Worldwide liquid fuels consumption will reach 90.1 million b/d in 2013 and 91.5 million b/d in 2014, due to a moderate recovery in global economic growth, the US Energy Information Administration forecast in its latest Short-Term Energy Outlook. EIA estimates that world liquid fuels consumption was 89.1 million b/d in 2012.
As oil product inventories are restocked and new refining capacity comes on line, refinery crude oil inputs in China are to be bolstered in 2013, EIA said. Liquid fuels consumption in China is forecast to increase by 450,000 b/d in 2013 and by 510,000 b/d in 2014, compared with annual average growth of 540,000 b/d from 2004 through 2010.

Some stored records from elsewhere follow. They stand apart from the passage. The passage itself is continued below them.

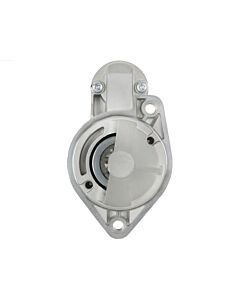 AS-PL S9075 MOTORINO D'AVVIAMENTO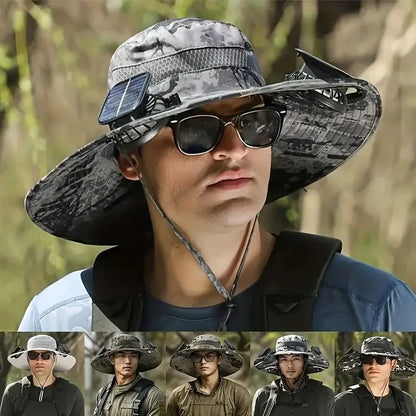 KalapKlíma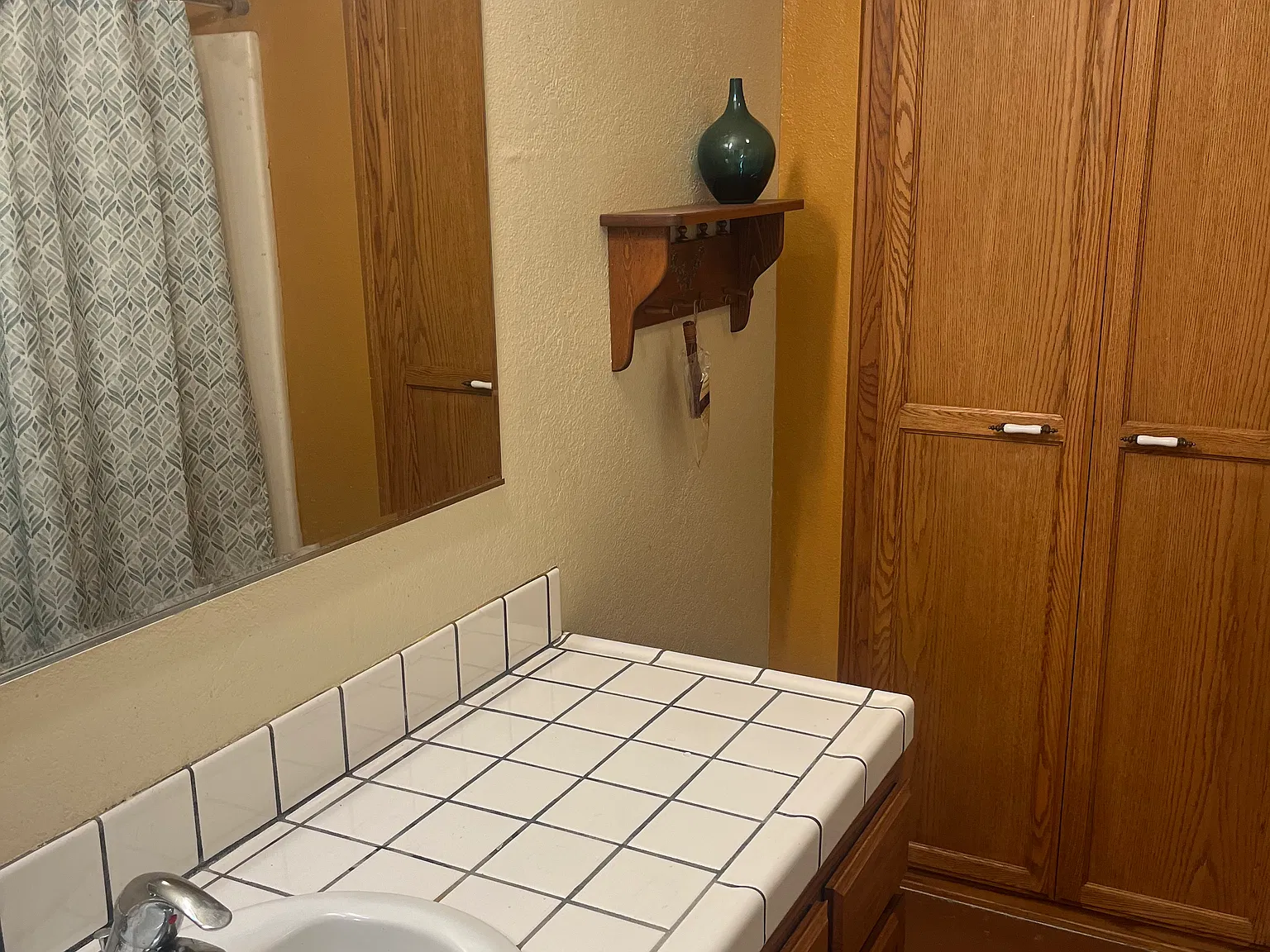 1 bed, 600 sqft, $1,000 — Photo 4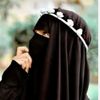 samiaarabia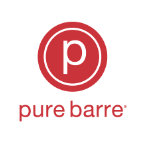Pure Barre-Franchise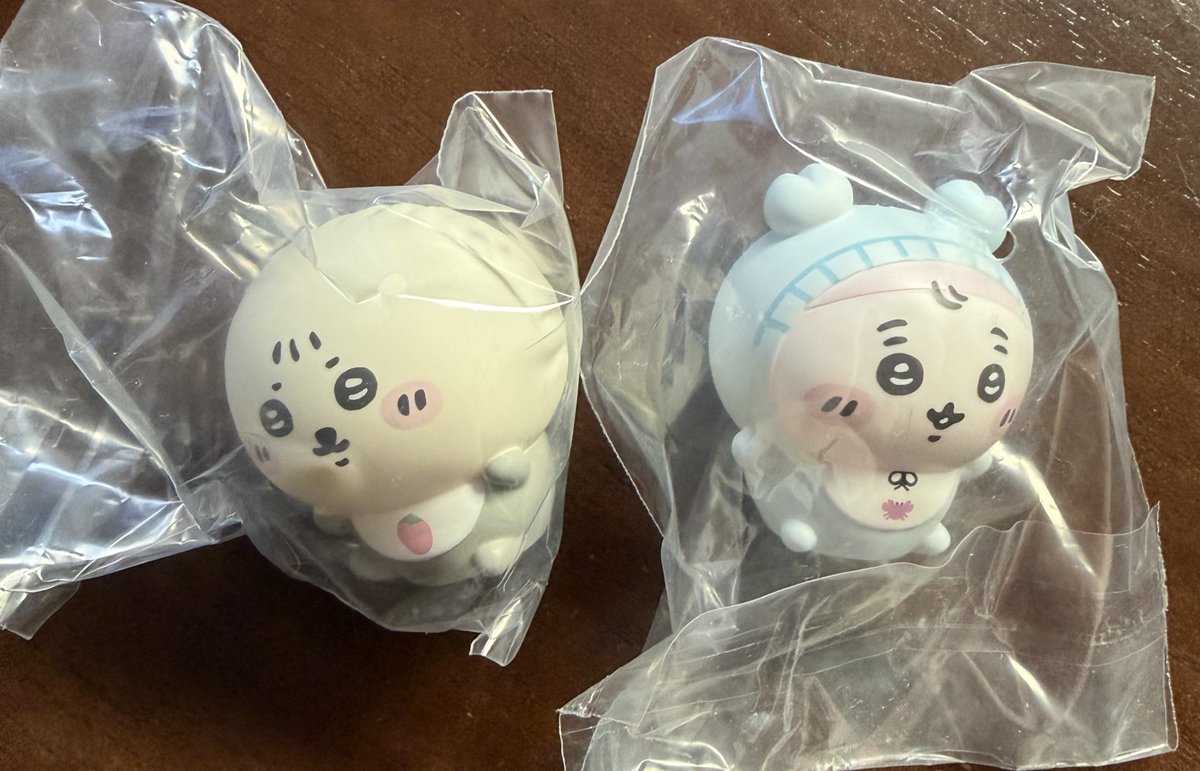 れなこ@取引用垢 tweet media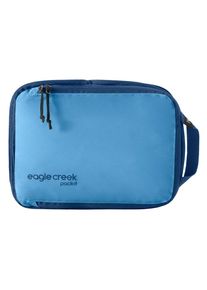 Eagle Creek Custodia per abiti 'Pack-It ' Donna - blu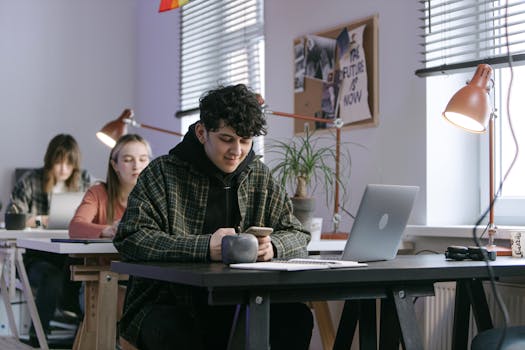 Is Your Small Business Missing Out? The Real Impact of Top Collaboration Software for Small Businesses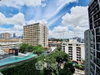 listing thumbnail image 10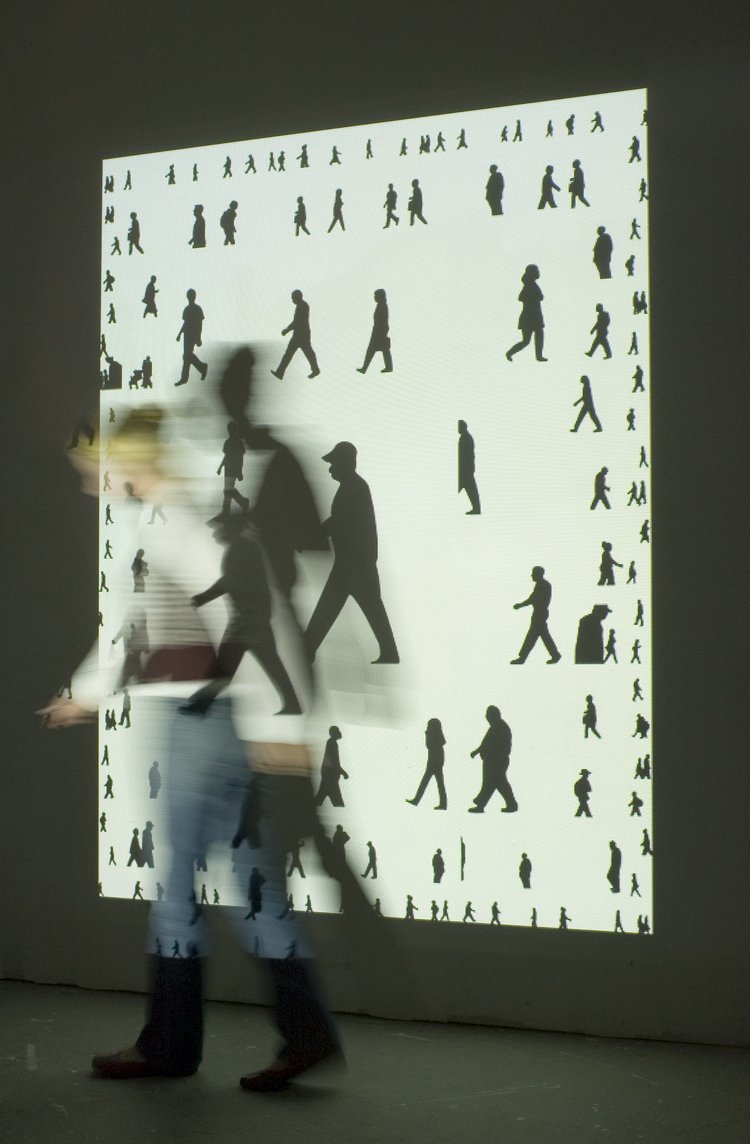 image-asset (4).jpeg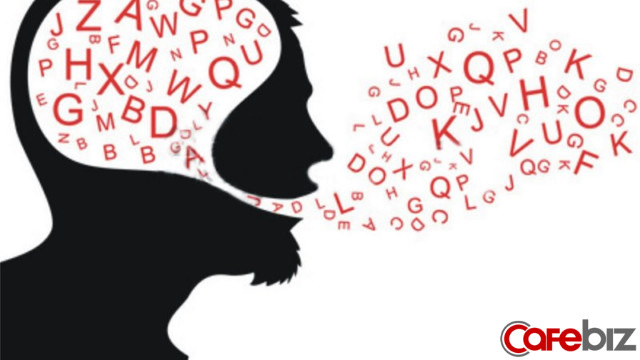 '. Đàn ông điềm tĩnh luôn xứng đáng là sói đầu đàn: Phong thái nói năng của người đàn ông uy lực, công thành danh toại .'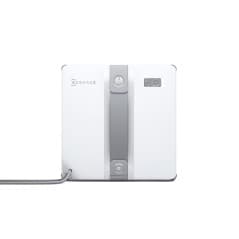 Ecovacs Winbot Mini Vinduesrenser robotstyret Hvid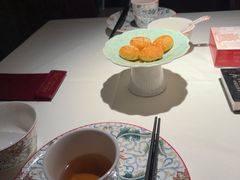 -千百味红餐厅·非遗江西菜(绿地双子塔总店)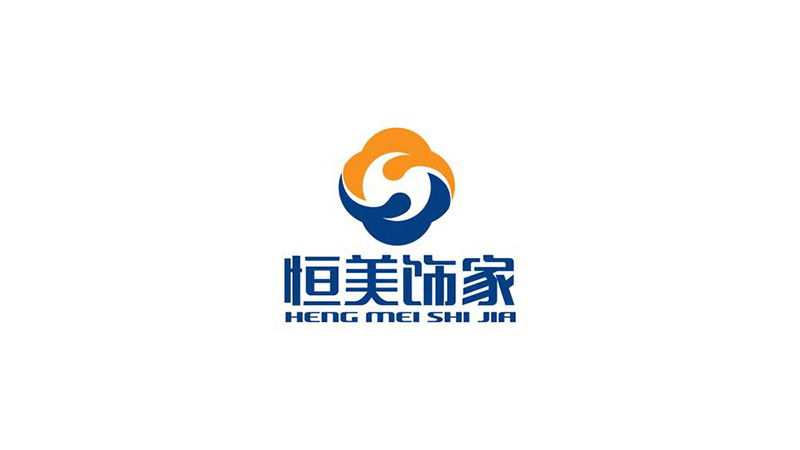 长春标志设计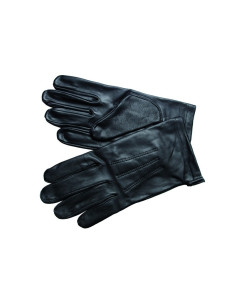 Gants cuir de cérémonie - BOST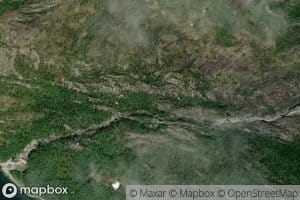 Okselva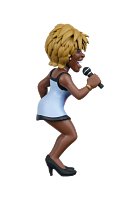 MINIX Music: Tina Turner - Tina Turner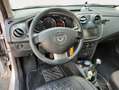 Dacia Sandero Stepway 1.5 dci Prestige 90cv Argento - thumbnail 5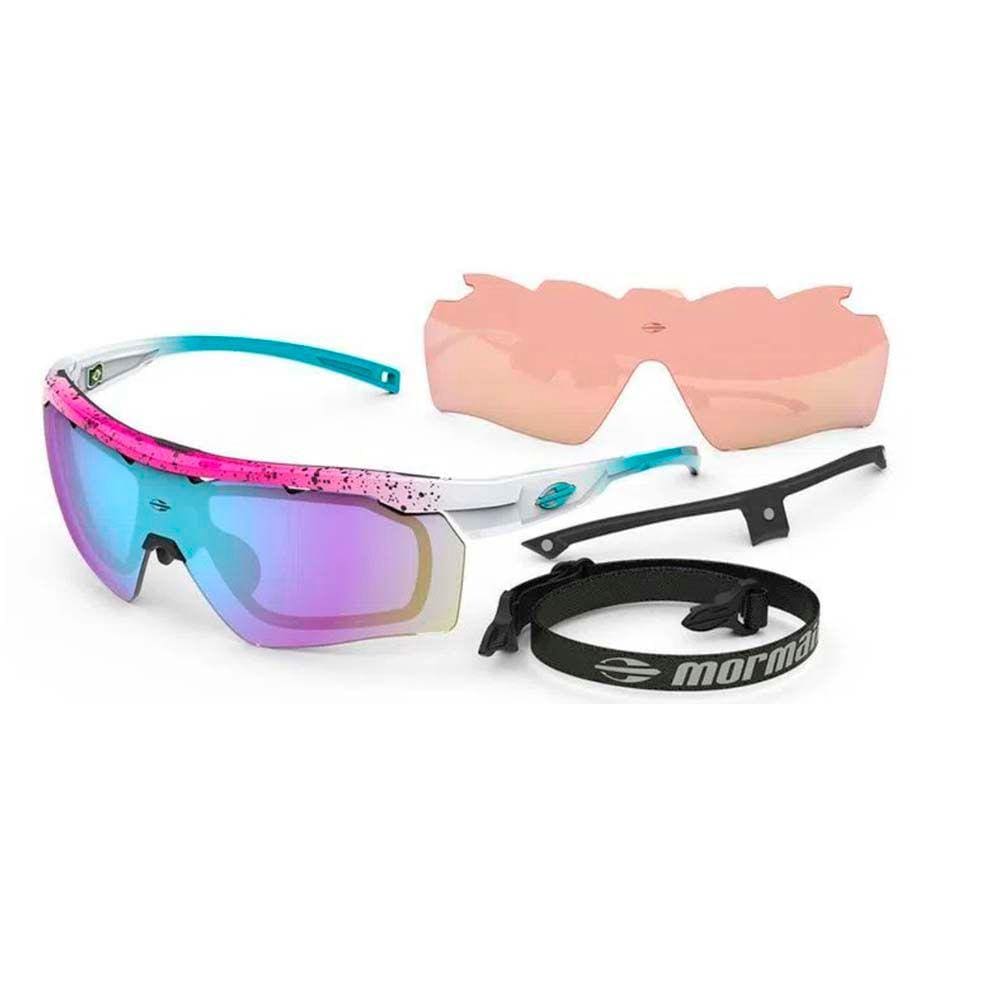 Oculos Solar Mormaii - M0130bb297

Because of declining consumption in Europe, the Organization for Economic Cooperation and Development liquid fuels consumption will further fall by 0.3 million b/d in 2013, EIA projected. The decline will be halted in 2014 in response to a higher economic growth in Europe.
In the US, EIA expects total liquid fuels consumption will grow modestly by 30,000 b/d in 2013, up 0.1% from last year, and by another 80,000 b/d in 2014. Distillate fuel consumption, which fell by 160,000 b/d in 2012, increases at an average annual rate of 10,000 b/d in 2013 and 60,000 b/d in 2014, driven by industrial output growth and colder winter weather. Motor gasoline and jet fuel consumption remain flat in 2013 and 2014 as increasing travel is offset by fuel economy improvements, EIA said.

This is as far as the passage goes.